- **Problem statement**
The answer should hold only the lines from the one containing "toast with smoked" through the one containing "View of town by sea against sky" in the entries below, copied exactly, without pictures.

[Task material]

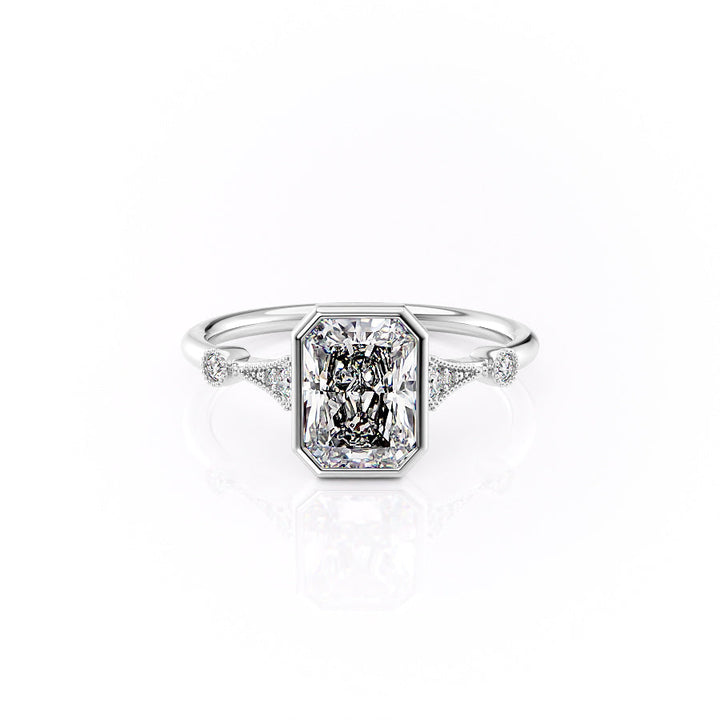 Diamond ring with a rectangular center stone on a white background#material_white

[/Task material]
[Task material]

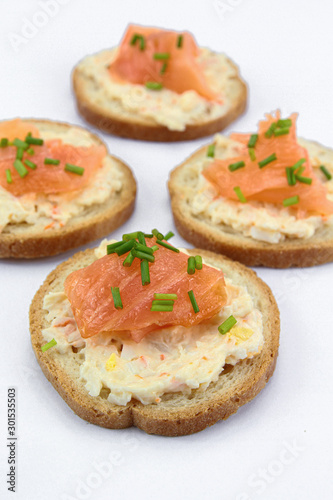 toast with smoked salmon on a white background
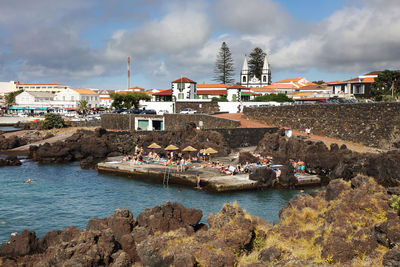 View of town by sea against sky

[/Task material]

- **Answer**
 toast with smoked salmon on a white background
 View of town by sea against sky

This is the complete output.